* EXERCISE DESCRIPTION *
Your answer should be the records, copied exactly, with the pictures removed.

=== Section Start ===

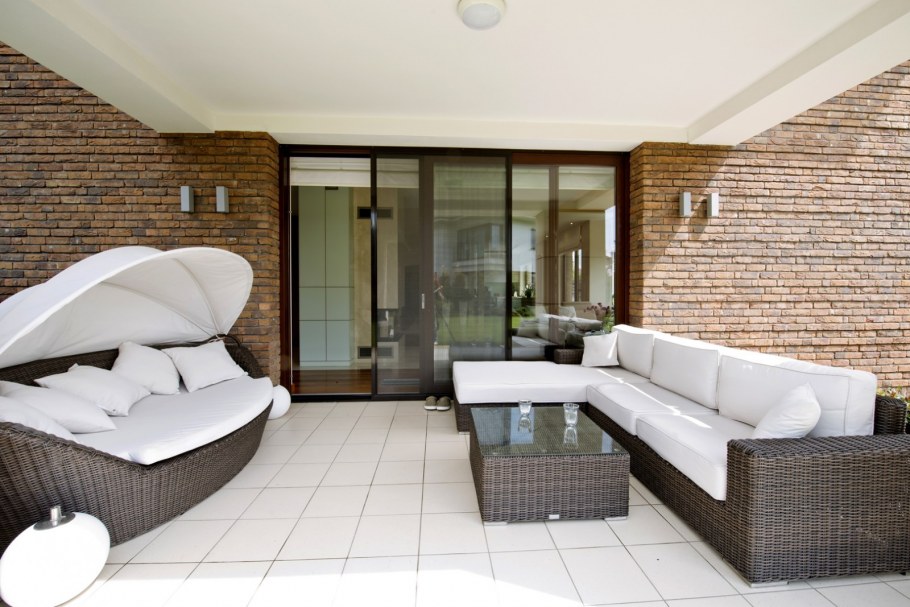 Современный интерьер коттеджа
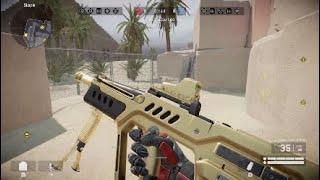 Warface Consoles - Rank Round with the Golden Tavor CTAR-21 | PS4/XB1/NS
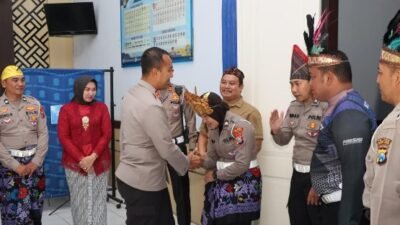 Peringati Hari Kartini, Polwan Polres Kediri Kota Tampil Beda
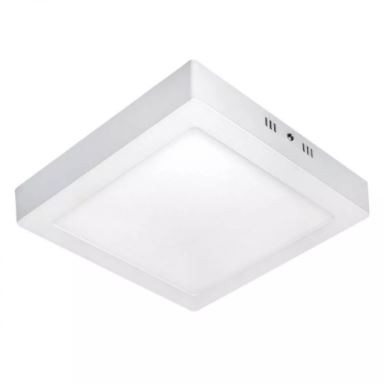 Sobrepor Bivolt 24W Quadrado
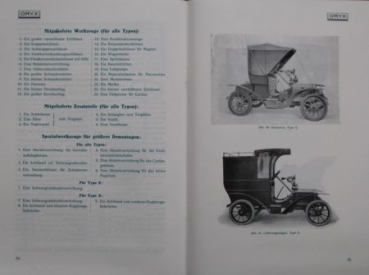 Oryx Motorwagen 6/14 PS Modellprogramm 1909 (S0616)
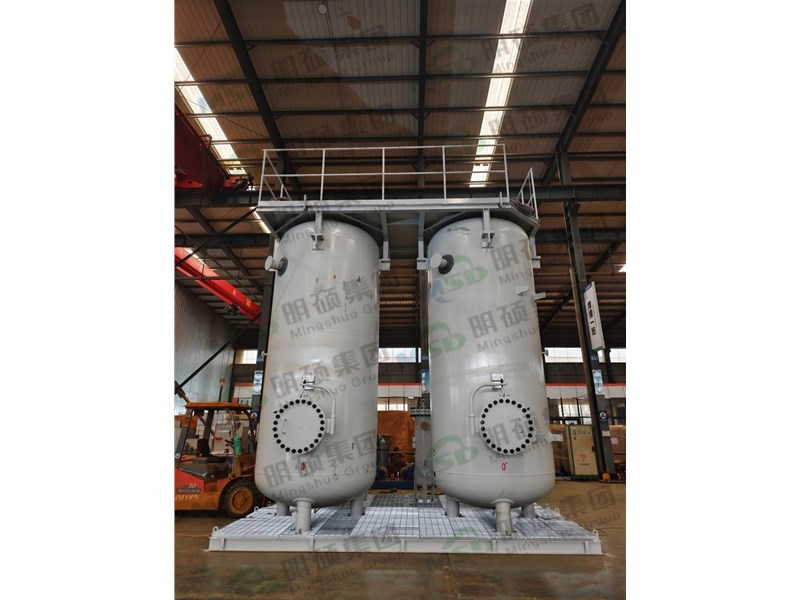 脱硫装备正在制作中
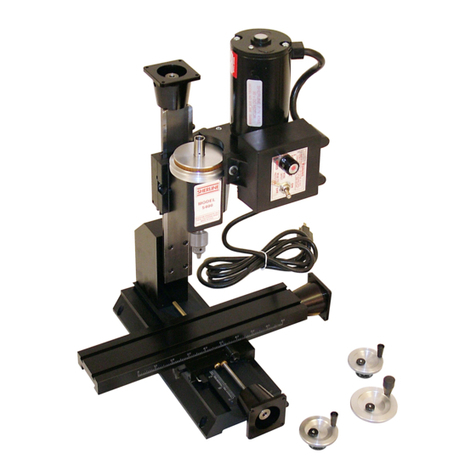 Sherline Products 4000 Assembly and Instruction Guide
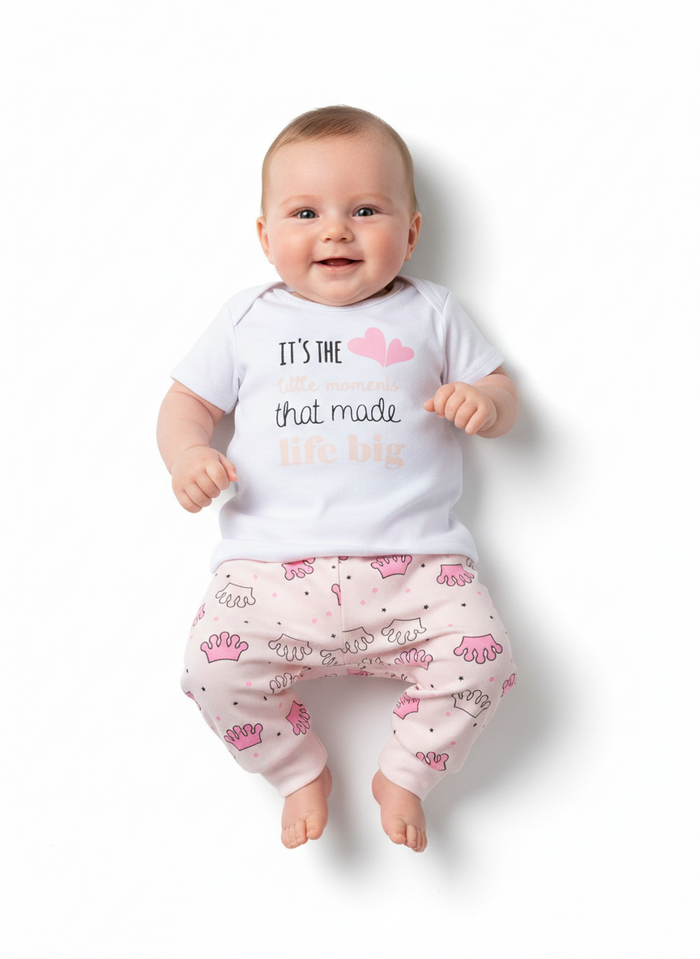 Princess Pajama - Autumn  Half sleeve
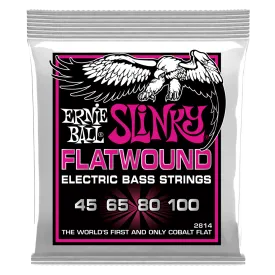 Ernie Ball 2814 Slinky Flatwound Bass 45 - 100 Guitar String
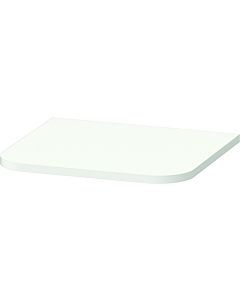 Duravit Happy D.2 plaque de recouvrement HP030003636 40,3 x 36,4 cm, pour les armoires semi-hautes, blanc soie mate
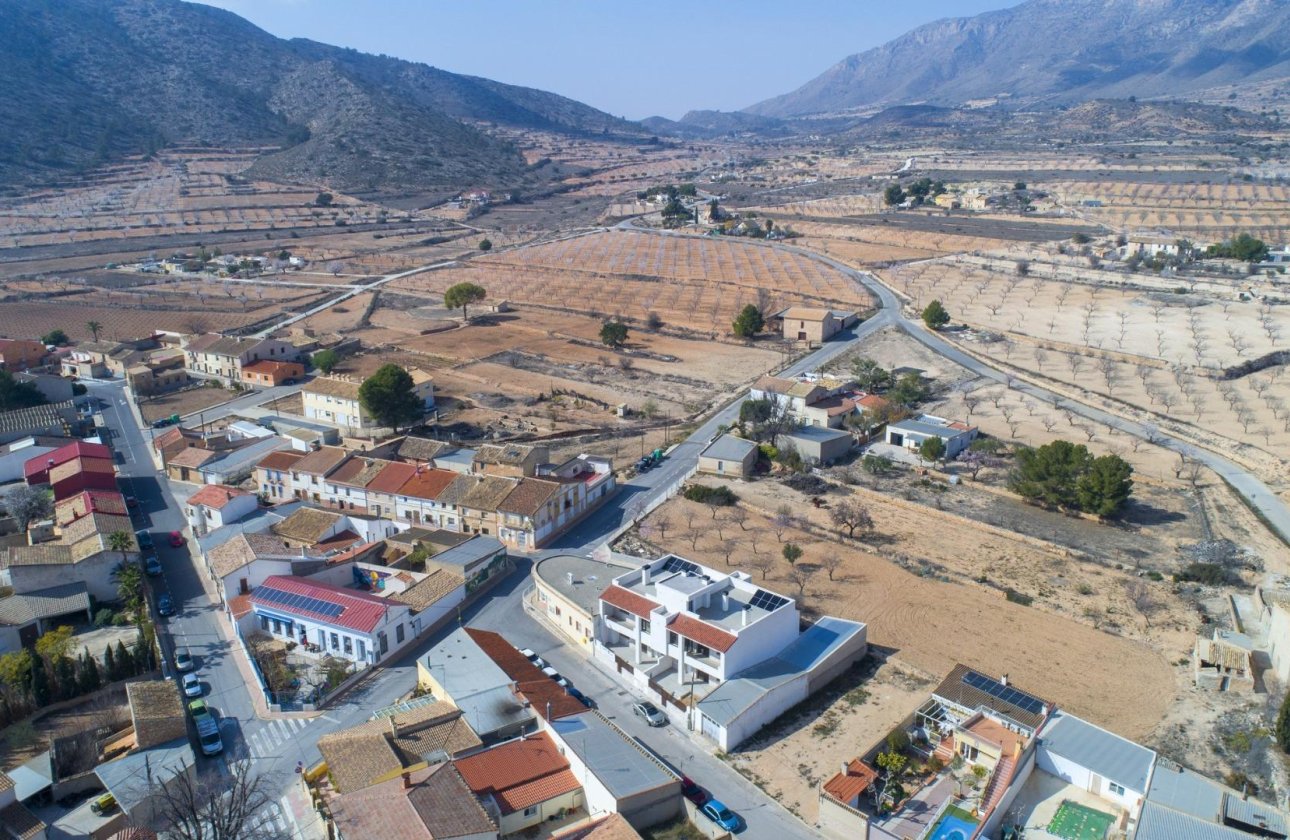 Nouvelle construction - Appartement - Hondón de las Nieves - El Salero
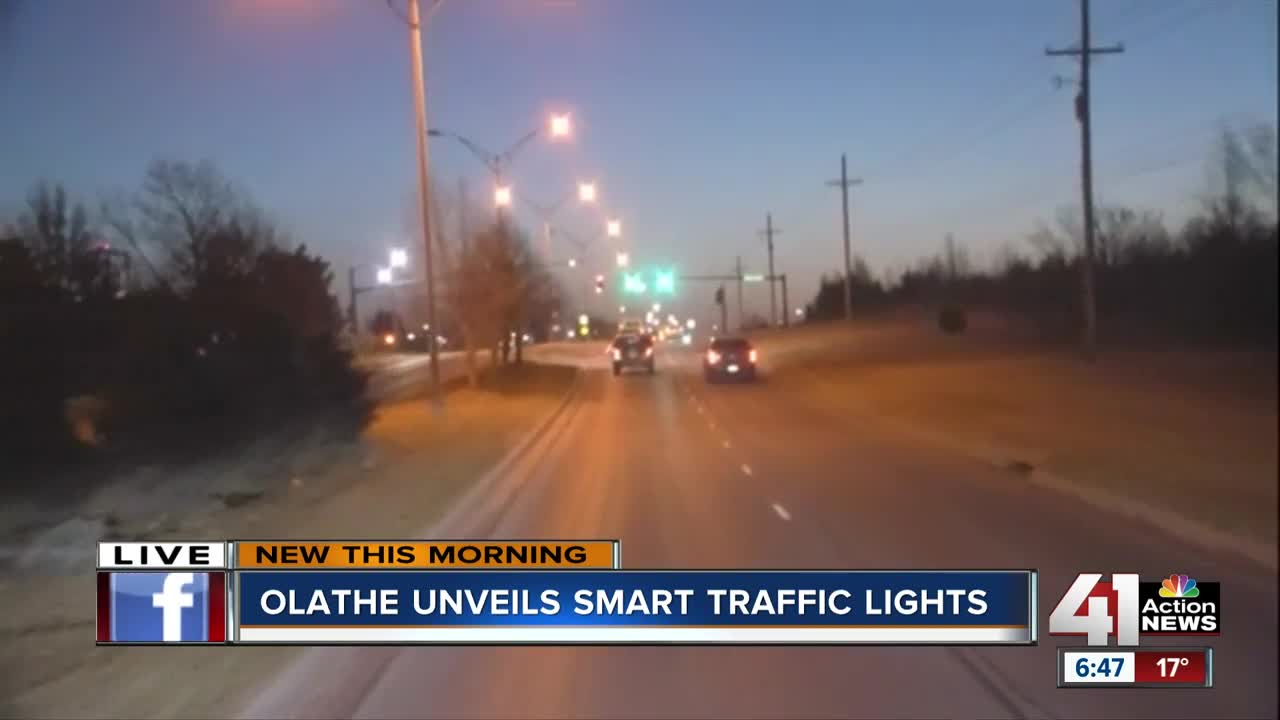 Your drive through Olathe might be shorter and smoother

=== Section End ===

* COMPLETED EXERCISE *
 Современный интерьер коттеджа
 Warface Consoles - Rank Round with the Golden Tavor CTAR-21 | PS4/XB1/NS
 Peringati Hari Kartini, Polwan Polres Kediri Kota Tampil Beda
 Sobrepor Bivolt 24W Quadrado
 Oryx Motorwagen 6/14 PS Modellprogramm 1909 (S0616)
 脱硫装备正在制作中
 Sherline Products 4000 Assembly and Instruction Guide
 Princess Pajama - Autumn  Half sleeve
 Ernie Ball 2814 Slinky Flatwound Bass 45 - 100 Guitar String
 Duravit Happy D.2 plaque de recouvrement HP030003636 40,3 x 36,4 cm, pour les armoires semi-hautes, blanc soie mate
 Nouvelle construction - Appartement - Hondón de las Nieves - El Salero
 Your drive through Olathe might be shorter and smoother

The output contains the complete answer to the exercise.